* **WHAT YOU NEED TO DO**
Filter the entries down to the lines holding "Honda", then copy those lines.

Start of MATERIALS PROVIDED

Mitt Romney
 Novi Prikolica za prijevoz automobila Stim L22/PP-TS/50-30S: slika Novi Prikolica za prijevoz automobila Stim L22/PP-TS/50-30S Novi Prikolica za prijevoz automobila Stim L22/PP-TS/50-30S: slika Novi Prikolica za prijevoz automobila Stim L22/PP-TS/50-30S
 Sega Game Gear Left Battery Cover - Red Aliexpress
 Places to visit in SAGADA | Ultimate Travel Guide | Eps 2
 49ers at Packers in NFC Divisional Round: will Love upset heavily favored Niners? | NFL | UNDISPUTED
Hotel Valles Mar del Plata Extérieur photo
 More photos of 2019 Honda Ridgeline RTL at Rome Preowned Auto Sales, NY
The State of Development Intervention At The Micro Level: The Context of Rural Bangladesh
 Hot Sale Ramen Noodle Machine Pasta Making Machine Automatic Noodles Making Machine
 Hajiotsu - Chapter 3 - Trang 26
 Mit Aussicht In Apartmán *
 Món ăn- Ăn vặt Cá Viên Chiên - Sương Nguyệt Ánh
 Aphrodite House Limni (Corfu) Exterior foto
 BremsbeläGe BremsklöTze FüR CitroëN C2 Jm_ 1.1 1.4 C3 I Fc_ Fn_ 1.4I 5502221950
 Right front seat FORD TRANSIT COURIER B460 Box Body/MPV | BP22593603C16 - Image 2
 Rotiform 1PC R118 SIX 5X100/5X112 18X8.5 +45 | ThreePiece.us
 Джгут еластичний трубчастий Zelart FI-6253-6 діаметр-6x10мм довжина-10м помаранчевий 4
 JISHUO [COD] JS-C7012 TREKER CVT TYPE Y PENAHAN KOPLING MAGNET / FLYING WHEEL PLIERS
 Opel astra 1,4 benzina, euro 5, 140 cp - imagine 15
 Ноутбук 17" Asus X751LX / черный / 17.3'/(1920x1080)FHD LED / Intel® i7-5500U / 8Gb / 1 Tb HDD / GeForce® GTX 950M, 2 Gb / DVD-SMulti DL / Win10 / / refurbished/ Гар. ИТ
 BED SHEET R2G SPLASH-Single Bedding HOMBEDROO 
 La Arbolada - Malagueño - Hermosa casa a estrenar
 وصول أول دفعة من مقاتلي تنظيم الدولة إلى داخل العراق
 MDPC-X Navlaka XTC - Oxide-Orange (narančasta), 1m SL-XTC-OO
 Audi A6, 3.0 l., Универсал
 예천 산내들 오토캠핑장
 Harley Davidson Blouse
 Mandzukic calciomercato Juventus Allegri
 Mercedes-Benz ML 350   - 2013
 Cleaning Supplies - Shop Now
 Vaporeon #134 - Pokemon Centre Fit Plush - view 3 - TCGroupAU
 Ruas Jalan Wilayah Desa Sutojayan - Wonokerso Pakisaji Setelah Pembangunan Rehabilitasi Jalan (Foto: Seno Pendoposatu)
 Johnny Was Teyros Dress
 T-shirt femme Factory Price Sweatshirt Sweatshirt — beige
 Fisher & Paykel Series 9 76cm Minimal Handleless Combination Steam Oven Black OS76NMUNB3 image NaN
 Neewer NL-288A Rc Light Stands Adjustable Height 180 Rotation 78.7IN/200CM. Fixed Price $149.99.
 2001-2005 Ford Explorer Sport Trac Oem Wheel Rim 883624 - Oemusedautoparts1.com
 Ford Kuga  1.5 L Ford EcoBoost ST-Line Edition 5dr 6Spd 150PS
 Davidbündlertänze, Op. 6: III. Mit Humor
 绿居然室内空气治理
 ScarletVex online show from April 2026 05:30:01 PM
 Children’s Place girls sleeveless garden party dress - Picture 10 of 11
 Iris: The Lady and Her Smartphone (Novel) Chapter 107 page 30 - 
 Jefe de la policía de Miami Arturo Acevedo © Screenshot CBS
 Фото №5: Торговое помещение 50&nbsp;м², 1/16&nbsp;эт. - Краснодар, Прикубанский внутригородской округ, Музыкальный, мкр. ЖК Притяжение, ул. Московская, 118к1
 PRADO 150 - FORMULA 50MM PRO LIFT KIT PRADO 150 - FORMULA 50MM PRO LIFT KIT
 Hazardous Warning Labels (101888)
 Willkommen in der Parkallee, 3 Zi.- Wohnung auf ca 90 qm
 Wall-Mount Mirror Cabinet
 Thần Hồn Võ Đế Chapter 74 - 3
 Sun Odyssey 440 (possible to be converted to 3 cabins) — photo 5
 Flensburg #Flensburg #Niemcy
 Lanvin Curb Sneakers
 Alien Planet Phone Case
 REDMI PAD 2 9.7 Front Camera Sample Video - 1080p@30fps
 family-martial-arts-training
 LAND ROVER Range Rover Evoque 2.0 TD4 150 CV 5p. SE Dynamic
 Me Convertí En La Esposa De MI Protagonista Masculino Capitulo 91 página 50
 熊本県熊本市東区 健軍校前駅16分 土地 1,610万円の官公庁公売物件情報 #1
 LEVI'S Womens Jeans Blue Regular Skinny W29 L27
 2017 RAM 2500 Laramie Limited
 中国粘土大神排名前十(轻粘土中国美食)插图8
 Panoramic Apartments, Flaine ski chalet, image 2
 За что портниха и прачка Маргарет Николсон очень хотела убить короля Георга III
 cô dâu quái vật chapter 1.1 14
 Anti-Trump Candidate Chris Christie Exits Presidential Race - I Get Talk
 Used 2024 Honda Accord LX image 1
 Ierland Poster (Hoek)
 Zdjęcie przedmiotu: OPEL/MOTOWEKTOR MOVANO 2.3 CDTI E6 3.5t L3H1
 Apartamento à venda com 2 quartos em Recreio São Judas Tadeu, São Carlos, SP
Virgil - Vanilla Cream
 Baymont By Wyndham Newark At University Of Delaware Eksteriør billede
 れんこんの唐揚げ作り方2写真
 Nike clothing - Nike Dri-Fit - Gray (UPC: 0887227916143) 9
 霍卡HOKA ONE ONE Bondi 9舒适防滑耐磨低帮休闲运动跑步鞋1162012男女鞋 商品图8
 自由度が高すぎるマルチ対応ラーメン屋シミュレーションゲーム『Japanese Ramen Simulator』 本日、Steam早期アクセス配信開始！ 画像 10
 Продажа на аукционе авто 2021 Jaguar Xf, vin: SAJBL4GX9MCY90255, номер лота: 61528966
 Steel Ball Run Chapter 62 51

End of MATERIALS PROVIDED

* **WRITTEN ANSWER**
 More photos of 2019 Honda Ridgeline RTL at Rome Preowned Auto Sales, NY
 Used 2024 Honda Accord LX image 1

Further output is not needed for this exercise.